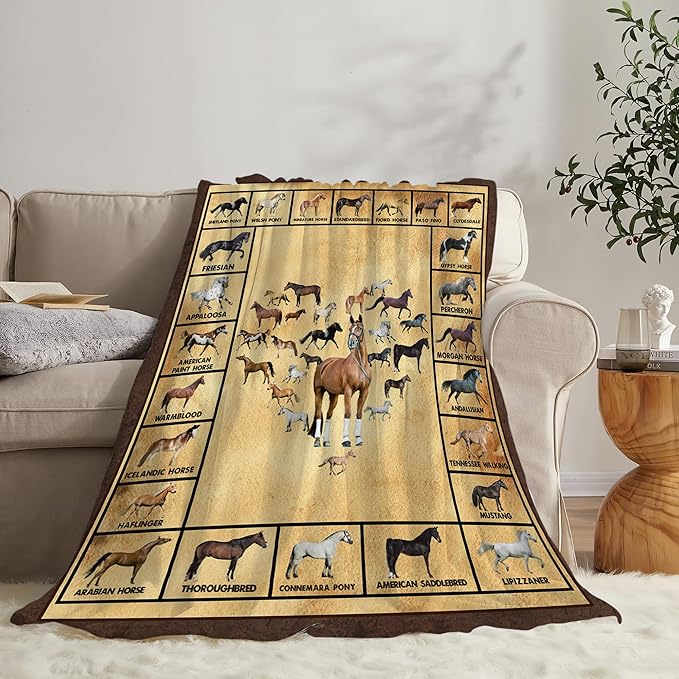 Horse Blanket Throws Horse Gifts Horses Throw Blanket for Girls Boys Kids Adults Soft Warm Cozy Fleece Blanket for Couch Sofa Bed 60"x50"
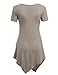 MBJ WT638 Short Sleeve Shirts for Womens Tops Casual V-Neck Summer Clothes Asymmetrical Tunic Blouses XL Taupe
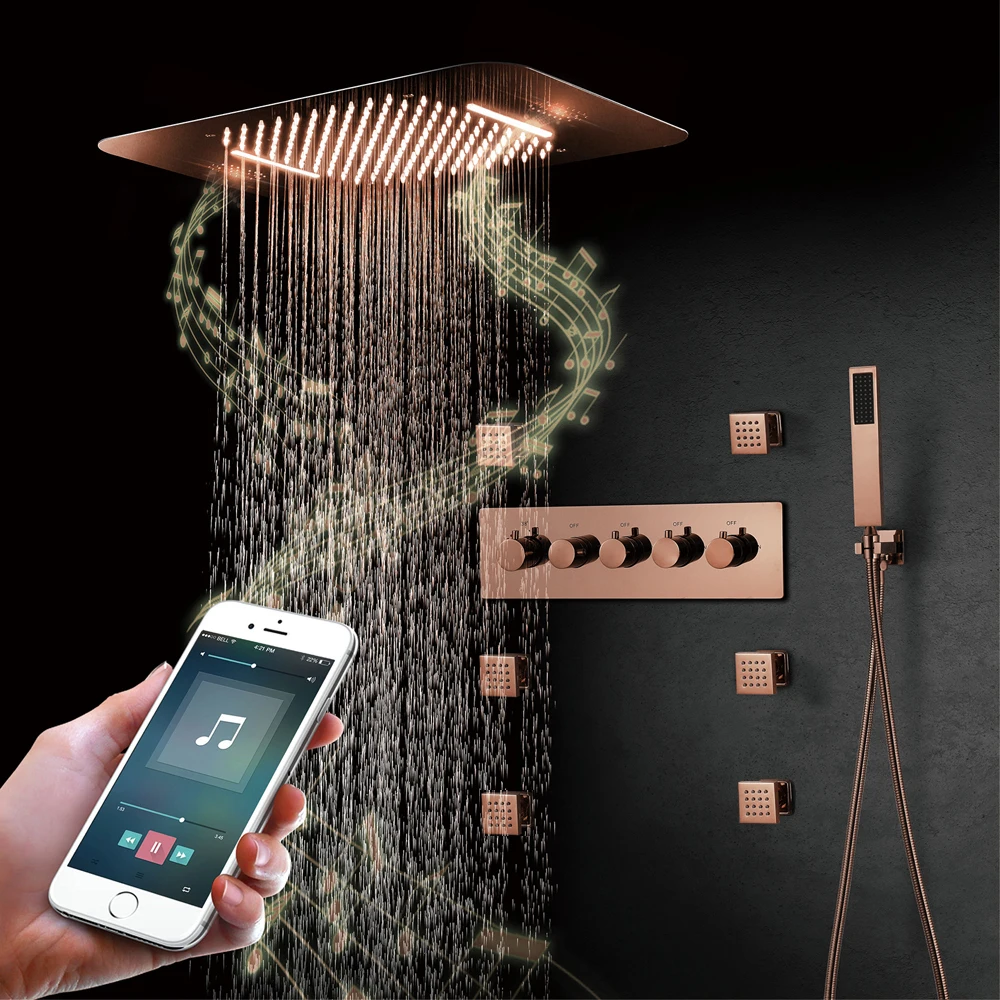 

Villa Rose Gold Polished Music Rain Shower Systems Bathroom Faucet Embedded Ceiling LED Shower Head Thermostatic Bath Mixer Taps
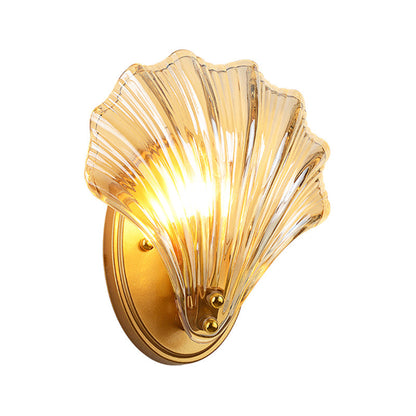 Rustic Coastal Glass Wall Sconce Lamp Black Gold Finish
+ + + + + + +
Try it: Please write out every line of the listing above exactly, and leave the images behind.

Answer for the task:
 Horse Blanket Throws Horse Gifts Horses Throw Blanket for Girls Boys Kids Adults Soft Warm Cozy Fleece Blanket for Couch Sofa Bed 60"x50"
 MBJ WT638 Short Sleeve Shirts for Womens Tops Casual V-Neck Summer Clothes Asymmetrical Tunic Blouses XL Taupe

Villa Rose Gold Polished Music Rain Shower Systems Bathroom Faucet Embedded Ceiling LED Shower Head Thermostatic Bath Mixer Taps
 Rustic Coastal Glass Wall Sconce Lamp Black Gold Finish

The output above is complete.